At Camp Furlong, Villa’s men mistook the stables for the sleeping quarters of the garrison, and directed most of their fire at horses rather than soldiers. Lieutenant Lucas was able to marshal his men and his machine guns. Deciding the first priority should be the defense of Camp Furlong, he set up the guns where they could cover the railroad crossing leading into camp. Yet because of the darkness, Lucas and his men could only aim bursts of fire in the direction of the Villistas’ muzzle flashes.

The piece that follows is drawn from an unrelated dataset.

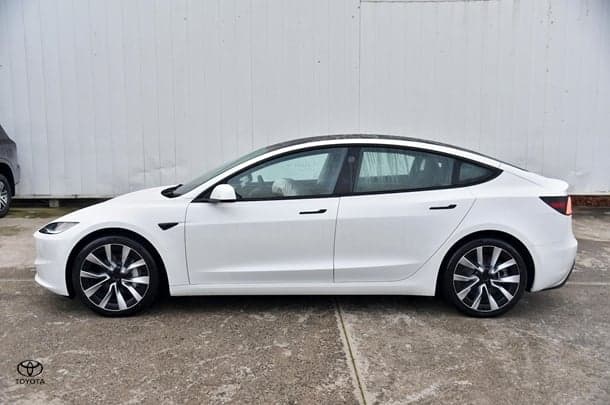 2023 Tesla Model 3 Rear-Wheel Drive in White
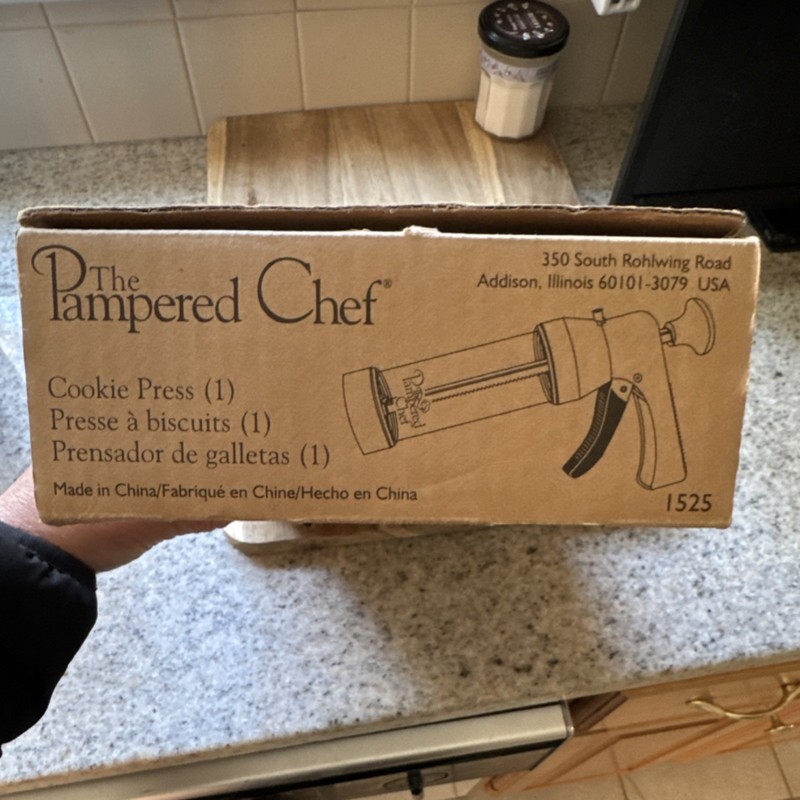 The Pampered Chef 1525 Cookie Press Set w/ Handle, Disks, White/Clear gallery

Meanwhile, Lieutenant James P. Castleman, serving on staff duty, heard the gunfire and ran out of his hut. As he turned the corner of the building he collided with a dismounted Mexican, whom he promptly shot and killed. By the time he reached his unit’s barracks, his sergeant had already rallied F Troop. Castleman led his men towards the regiment’s headquarters, advancing under heavy fire from nearby Villistas. As soon as the fire slackened, Castleman ordered the troop into Columbus, where the Mexicans had penetrated as far as the Commercial Hotel. There the raiders dragged civilian men into the street, robbing and murdering them. Others were killed on the stairs and in the lobby. The Mexicans made a serious tactical error, however, by setting fire to the hotel. Lucas and Castleman’s troops had linked up and took up firing positions on Main Street. The conflagration from the hotel illuminated the streets and allowed the cavalrymen to distinguish Americans from the Villistas. The U.S. forces trapped the enemy in a crossfire, and within 90 minutes Lucas’ four machine guns fired close to 20,000 rounds.
Finally, at 7:30AM a Villista bugler signaled retreat.
As soon as Columbus was clear of invaders, Major Frank Tompkins left his family’s house in town and ran to the only high ground, Cootes Hill. The 13th Cavalry’s commander, Colonel Frank Slocum, was directing the efforts of a group of riflemen firing at the retreating Mexicans, now clearly visible in the breaking dawn. “Realizing that the Mexicans were whipped,” Tompkins asked Slocum for permission to mount up a troop and pursue. Slocum assented, and Tompkins – who 16 years earlier had led then-Company H up the cliffs at Tirad Pass – organized H Troop for a counterattack. Within twenty minutes 32 men were riding after Villa’s force, soon to be joined by the 27 men of Castleman’s F Troop.
Tompkins’ detachment overtook the Mexicans 300 yards south of the border, where Villa’s rearguard waited, occupying the top of a ridge. Tompkins’ ordered a mounted pistol charge that drove the Villistas from the hill. Upon gaining the ridge’s crest, Tompkins’ men opened fire on the retreating Mexicans with their rifles, killing 32 men before Tompkins gave the order to cease fire. The Villistas galloped to a ridge a mile further south.
Tompkins continued the chase, and his detachment charged the Villistas three more times that morning, driving the bandits 15 miles into Mexico. Finally, the main body of 300 Villistas turned to attack the Americans. Heavily outnumbered, short on ammunition and water, and riding exhausted mounts, Tompkins withdrew. Although he had not lost a single man, on the way back to Columbus he counted nearly 100 dead Villistas.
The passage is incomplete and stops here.